Task to complete:
Word for word, restate the lines from the start of the data down to the line with "heaven II Long Sleeve T-Shirt", both included.

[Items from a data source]
----
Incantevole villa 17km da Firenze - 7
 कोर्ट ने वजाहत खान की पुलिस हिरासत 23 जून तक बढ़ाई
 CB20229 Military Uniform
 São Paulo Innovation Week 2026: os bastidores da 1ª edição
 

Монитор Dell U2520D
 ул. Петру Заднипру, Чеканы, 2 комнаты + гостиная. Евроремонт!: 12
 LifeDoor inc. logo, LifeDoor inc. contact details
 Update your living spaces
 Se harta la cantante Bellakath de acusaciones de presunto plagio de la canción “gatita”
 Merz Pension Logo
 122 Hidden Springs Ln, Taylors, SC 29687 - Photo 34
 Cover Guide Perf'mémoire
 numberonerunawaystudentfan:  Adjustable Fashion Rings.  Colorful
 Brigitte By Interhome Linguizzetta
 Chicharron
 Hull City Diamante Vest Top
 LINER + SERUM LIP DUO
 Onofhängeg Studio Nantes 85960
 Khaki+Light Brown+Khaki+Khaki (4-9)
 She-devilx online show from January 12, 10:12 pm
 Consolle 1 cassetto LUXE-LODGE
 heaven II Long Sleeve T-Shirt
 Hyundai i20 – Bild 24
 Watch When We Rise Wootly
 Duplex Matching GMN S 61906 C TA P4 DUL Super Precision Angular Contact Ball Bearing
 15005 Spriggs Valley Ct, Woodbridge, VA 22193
----
Result of the exercise:
Incantevole villa 17km da Firenze - 7
 कोर्ट ने वजाहत खान की पुलिस हिरासत 23 जून तक बढ़ाई
 CB20229 Military Uniform
 São Paulo Innovation Week 2026: os bastidores da 1ª edição
 

Монитор Dell U2520D
 ул. Петру Заднипру, Чеканы, 2 комнаты + гостиная. Евроремонт!: 12
 LifeDoor inc. logo, LifeDoor inc. contact details
 Update your living spaces
 Se harta la cantante Bellakath de acusaciones de presunto plagio de la canción “gatita”
 Merz Pension Logo
 122 Hidden Springs Ln, Taylors, SC 29687 - Photo 34
 Cover Guide Perf'mémoire
 numberonerunawaystudentfan:  Adjustable Fashion Rings.  Colorful
 Brigitte By Interhome Linguizzetta
 Chicharron
 Hull City Diamante Vest Top
 LINER + SERUM LIP DUO
 Onofhängeg Studio Nantes 85960
 Khaki+Light Brown+Khaki+Khaki (4-9)
 She-devilx online show from January 12, 10:12 pm
 Consolle 1 cassetto LUXE-LODGE
 heaven II Long Sleeve T-Shirt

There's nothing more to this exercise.